In the catalytic combustion technology of chlorine-containing volatile organic compounds (CVOCs), the catalyst is prone to chlorine poisoning and exhibits insufficient deep oxidation capacity, which is the key bottleneck restricting its industrial application. In this study, a series of Cr-modified HZSM-5 catalysts were in-situ prepared by a one-step hydrothermal synthesis method using fly ash as the raw material. Advanced techniques such as XRD, UV-vis, XPS, N₂ adsorption-desorption, NH₃-TPD, O₂-TPD, and H₂-TPR were used to characterize the physical and chemical properties of the catalysts. Using dichloromethane（CH₂Cl₂） as the probe molecule, the effects of different Cr doping amounts and different Si/Al ratios on the catalytic purification and anti-chlorine poisoning were systematically studied.

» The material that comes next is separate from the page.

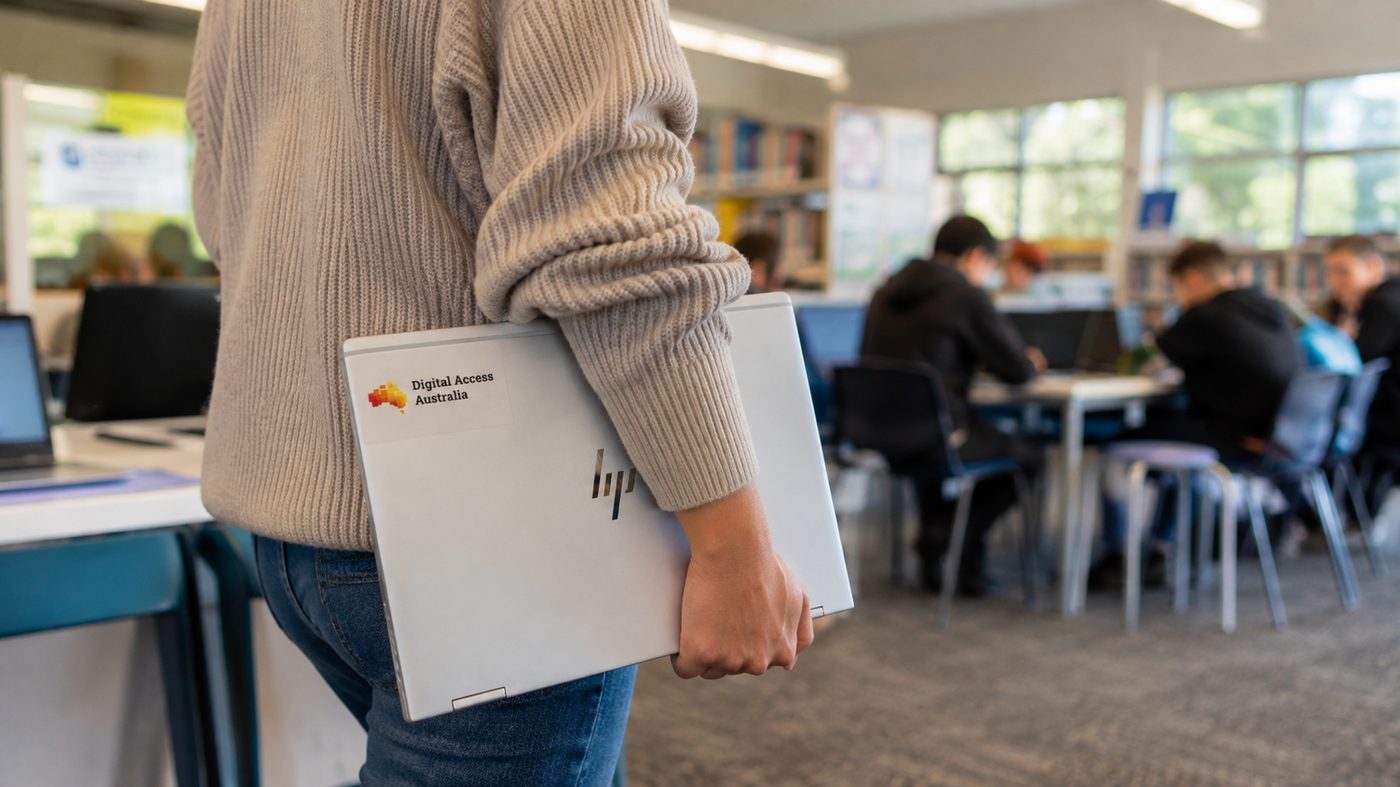 A Digital Access Australia laptop being carried into a busy school library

The results showed that in-situ Cr modification could effectively inhibit the formation of chlorine-containing by-products and significantly improve the oxidation performance of HZSM-5 zeolite for CVOCs. 1.2%Cr-HZSM-5 (Si/Al=50) had high surface acidity and redox properties, showing high ability for C-Cl bond cleavage and deep oxidation capacity toward CH intermediate components, with the highest CO₂ selectivity and lower Cl deposition. At 350℃, the conversion rate of dichloromethane reached 85%; the yields of CO₂ and HCl reached 75% and 60%, respectively; and no Cl₂ or other chlorine-containing by-products were detected. This study can provide a theoretical basis and experimental support for the development of a catalytic system for efficient degradation of CVOCs.